# Task statement:
Exact copy, no pictures: output all the records that follow.

# Excerpted data:
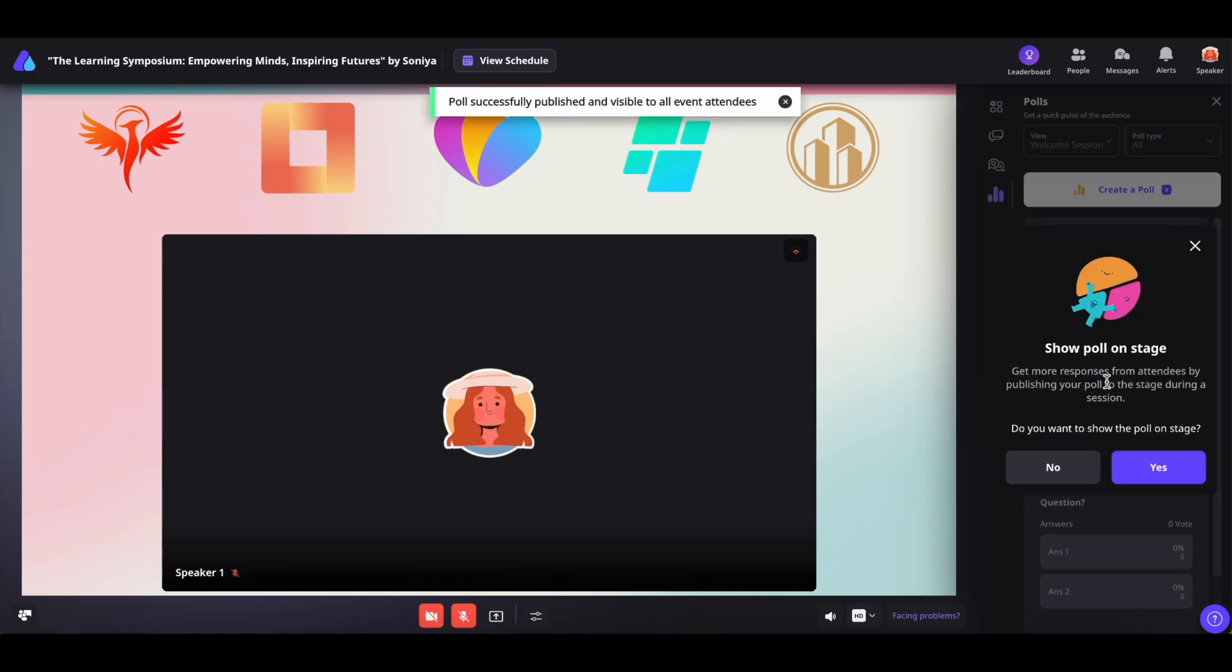You'll be prompted whether you want to show the poll on stage or not. You can click yes to display it or no to keep it hidden.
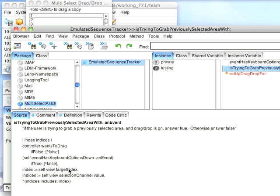And then I just check target index, the current indices of the current selections, and see if the thing you're selecting is inside that region. If it is, go ahead and start dragging. Otherwise, let it go back to normal.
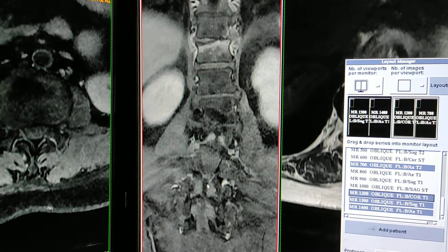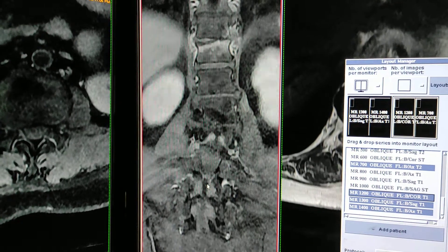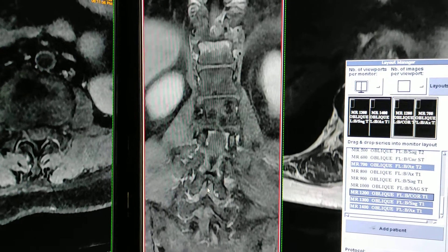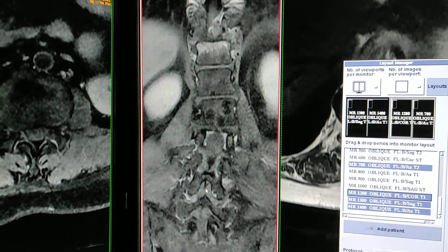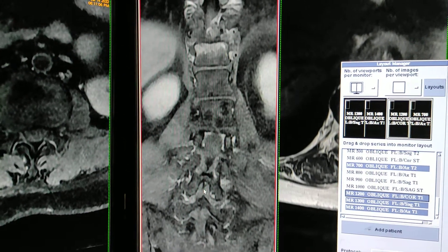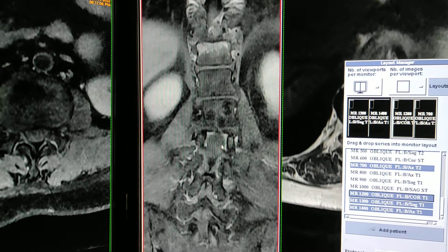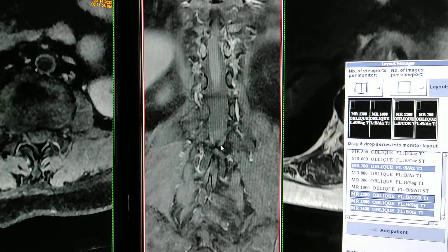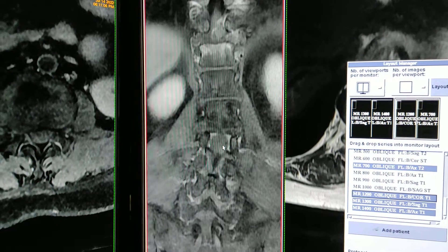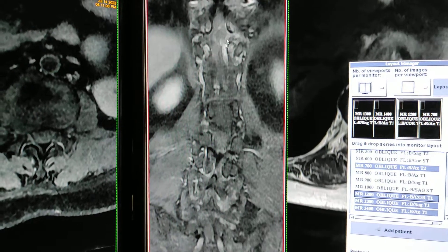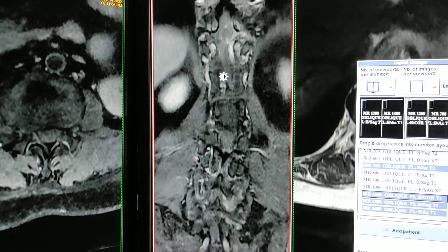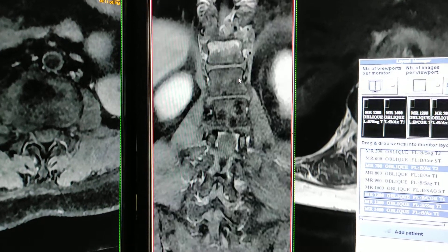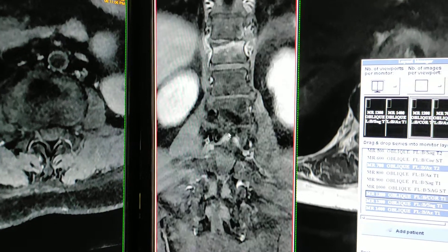There is hypertrophy of the ligamentum flavum seen. This is the lesion. In the bone, the edema is also enhanced — there is bone edema present.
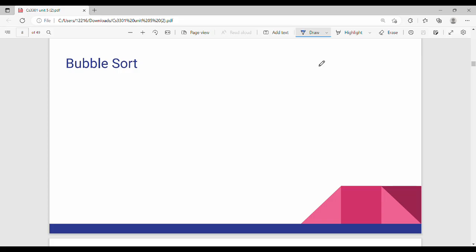Hi friends! In this video we are going to see a sorting algorithm in 50 minutes. This is the first sorting algorithm: bubble sort. So what is the sorting algorithm? There is an input — for example, 3, 2, 1. If you want to sort it in ascending order, the result is 1, 2, 3.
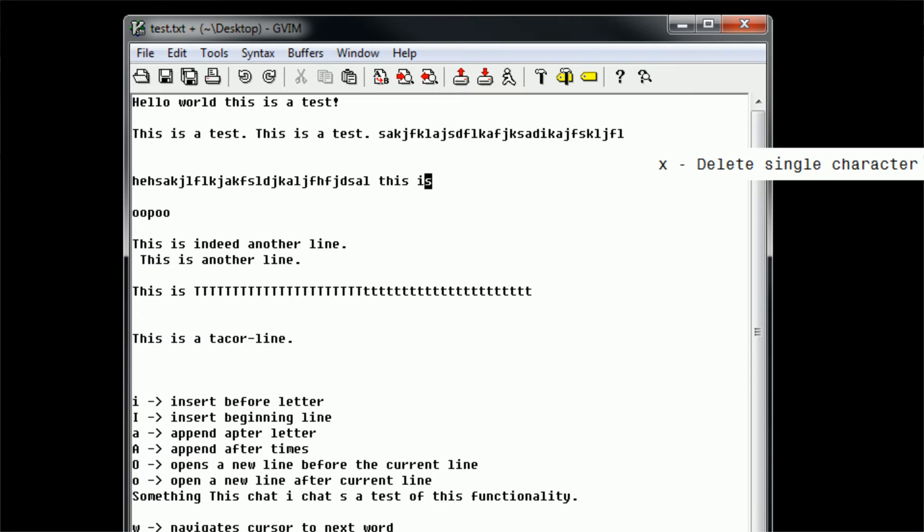We can do this with the space as well, because we don't want this nasty white space at the end of our document. So yes, just like that, x deletes characters.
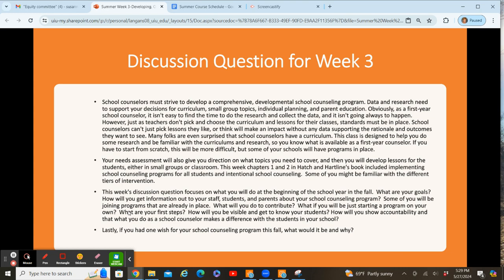And lastly, if you had one wish for your school counseling program this fall, what would it be and why? That's going to be a really important and fun question. I think students appreciate it because they start the process of thinking about this, since it is something they will have to do in a few weeks. I want to make this class very practical for you so that you have some things ready to use.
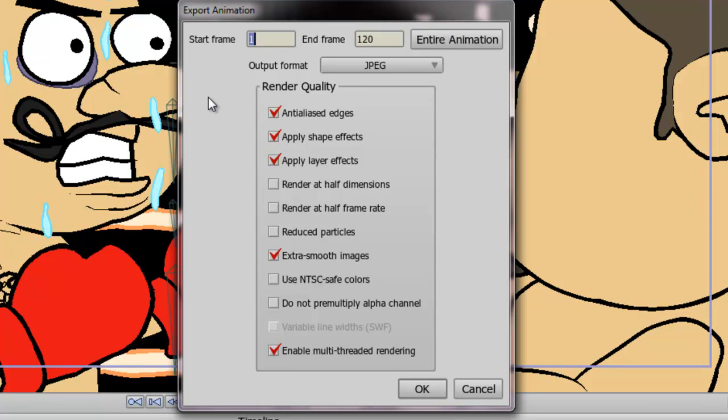Now when you select this option, you have a variety of different choices here. First is the start and end frame. If, for instance, you want your animation to not start at frame one and end on the frame that your animation ends on on the timeline, you can adjust these parameters accordingly.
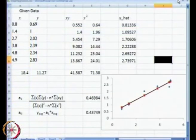This is how you are going to do your linear regression in a single variable.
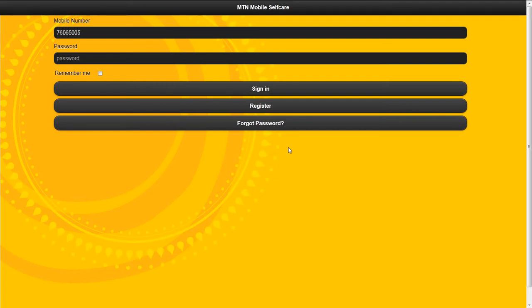Welcome to the all-new MTN mobile self-care solution which allows you to manage your account, view latest promotions from MTN, as well as send feedback.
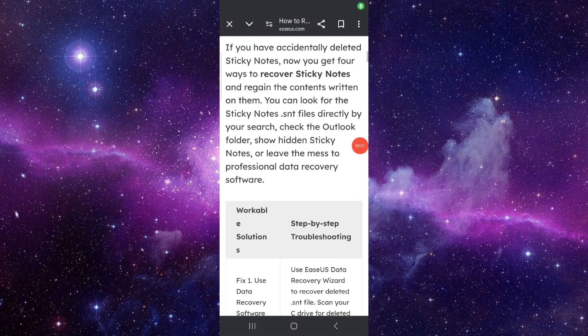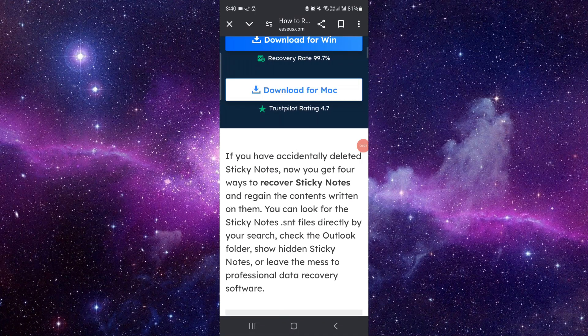Welcome back to my channel. In today's video, I will show you how to recover deleted sticky notes on Windows. Let's get started — to recover them, you have to follow these easy steps.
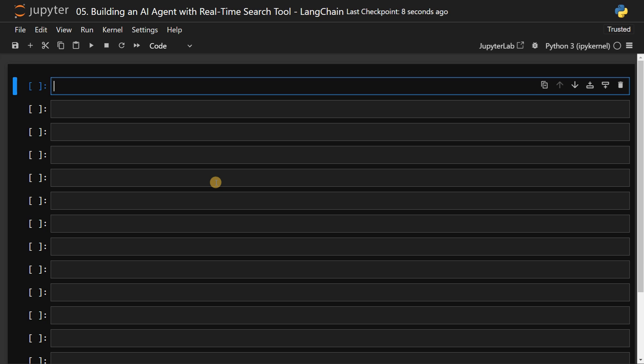Welcome back guys, this is Ashwin here. In this video, we're going to see how to create an AI agent which can use search tools to get you real time information using Langchain.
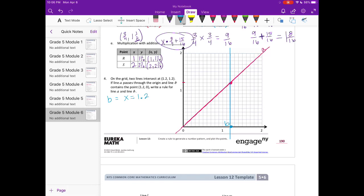Write a rule for line A and line B. Let's start with B — it's parallel to the y-axis, so x is always 1.2. The rule for B is x = 1.2. For line A, we have (0, 0) and (1.2, 1.2). Looking at the pattern: 1 tenth, 1 tenth; 2 tenths, 2 tenths; 3 tenths, 3 tenths. It looks like the rule for A is x equals y — the x and y coordinates are always the same.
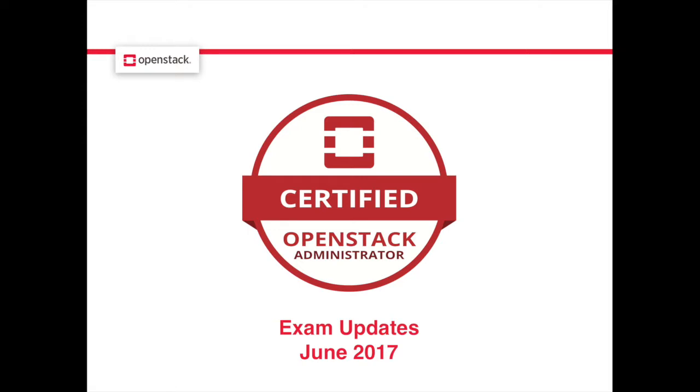Welcome to a demo of the new features of the Certified OpenStack Administrator Exam. As of June 2017, the exam is offered on the Newton release of OpenStack and has three new key features that we'll be walking through today.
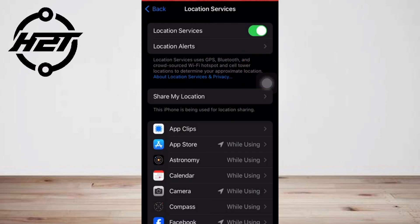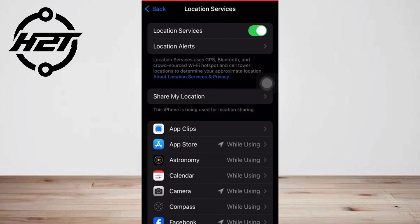You can fine-tune the way location services works by controlling the permissions of specific apps in the list at the bottom of the page. You can enable or disable permissions and specify when the app is allowed to see your location.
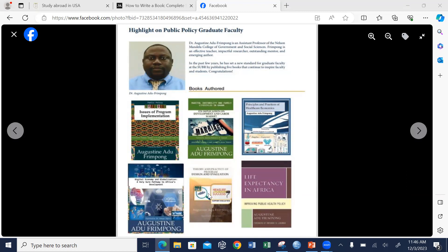You can see on your screen — all these books were written by me. I authored all these books: issues of program implementation, instability and family lifestyles in Ghana and its implication on development and labor market; digital economy and globalization — a short pathway for African development; theory and practice of program design and evaluation; life expectancy in Africa; and principles and practices of healthcare economics.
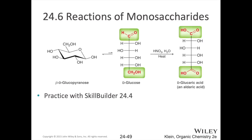If you want to oxidize anything other than the carbonyl position, you need a stronger oxidizing agent. Using nitric acid, you will not only oxidize the aldehyde group at one end into a carboxylic acid, but you'll also oxidize the terminal alcohol group on carbon 6 into a carboxylic acid as well. Now you have two carboxylic acids at both ends. This is not gluconic acid — this is glucaric acid. The generic term is an aldaric acid — take the '-ose' ending and change it to '-aric acid.'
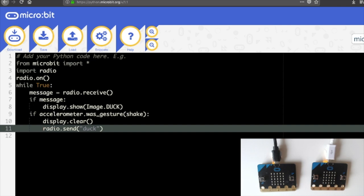So from the microbit library we import everything, that's what the asterisk means there and we also import radio and then we are switching radio on and we can also turn radio off so if you're using battery you can conserve battery if you're not using the radio function and then we initiate a loop.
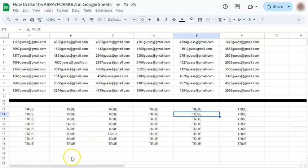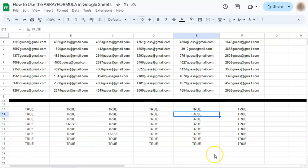That's a great example of using the Array Formula to spread out the same function across the spreadsheet. And that's one easy and quick way to use the Array Formula in Google Sheets. See you on the next one.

# Output of the exercise:
You'll be prompted whether you want to show the poll on stage or not. You can click yes to display it or no to keep it hidden.
And then I just check target index, the current indices of the current selections, and see if the thing you're selecting is inside that region. If it is, go ahead and start dragging. Otherwise, let it go back to normal.
There is hypertrophy of the ligamentum flavum seen. This is the lesion. In the bone, the edema is also enhanced — there is bone edema present.
Hi friends! In this video we are going to see a sorting algorithm in 50 minutes. This is the first sorting algorithm: bubble sort. So what is the sorting algorithm? There is an input — for example, 3, 2, 1. If you want to sort it in ascending order, the result is 1, 2, 3.
We can do this with the space as well, because we don't want this nasty white space at the end of our document. So yes, just like that, x deletes characters.
And lastly, if you had one wish for your school counseling program this fall, what would it be and why? That's going to be a really important and fun question. I think students appreciate it because they start the process of thinking about this, since it is something they will have to do in a few weeks. I want to make this class very practical for you so that you have some things ready to use.
Now when you select this option, you have a variety of different choices here. First is the start and end frame. If, for instance, you want your animation to not start at frame one and end on the frame that your animation ends on on the timeline, you can adjust these parameters accordingly.
This is how you are going to do your linear regression in a single variable.
Welcome to the all-new MTN mobile self-care solution which allows you to manage your account, view latest promotions from MTN, as well as send feedback.
Welcome back to my channel. In today's video, I will show you how to recover deleted sticky notes on Windows. Let's get started — to recover them, you have to follow these easy steps.
Welcome back guys, this is Ashwin here. In this video, we're going to see how to create an AI agent which can use search tools to get you real time information using Langchain.
Write a rule for line A and line B. Let's start with B — it's parallel to the y-axis, so x is always 1.2. The rule for B is x = 1.2. For line A, we have (0, 0) and (1.2, 1.2). Looking at the pattern: 1 tenth, 1 tenth; 2 tenths, 2 tenths; 3 tenths, 3 tenths. It looks like the rule for A is x equals y — the x and y coordinates are always the same.
Welcome to a demo of the new features of the Certified OpenStack Administrator Exam. As of June 2017, the exam is offered on the Newton release of OpenStack and has three new key features that we'll be walking through today.
You can fine-tune the way location services works by controlling the permissions of specific apps in the list at the bottom of the page. You can enable or disable permissions and specify when the app is allowed to see your location.
You can see on your screen — all these books were written by me. I authored all these books: issues of program implementation, instability and family lifestyles in Ghana and its implication on development and labor market; digital economy and globalization — a short pathway for African development; theory and practice of program design and evaluation; life expectancy in Africa; and principles and practices of healthcare economics.
If you want to oxidize anything other than the carbonyl position, you need a stronger oxidizing agent. Using nitric acid, you will not only oxidize the aldehyde group at one end into a carboxylic acid, but you'll also oxidize the terminal alcohol group on carbon 6 into a carboxylic acid as well. Now you have two carboxylic acids at both ends. This is not gluconic acid — this is glucaric acid. The generic term is an aldaric acid — take the '-ose' ending and change it to '-aric acid.'
So from the microbit library we import everything, that's what the asterisk means there and we also import radio and then we are switching radio on and we can also turn radio off so if you're using battery you can conserve battery if you're not using the radio function and then we initiate a loop.
That's a great example of using the Array Formula to spread out the same function across the spreadsheet. And that's one easy and quick way to use the Array Formula in Google Sheets. See you on the next one.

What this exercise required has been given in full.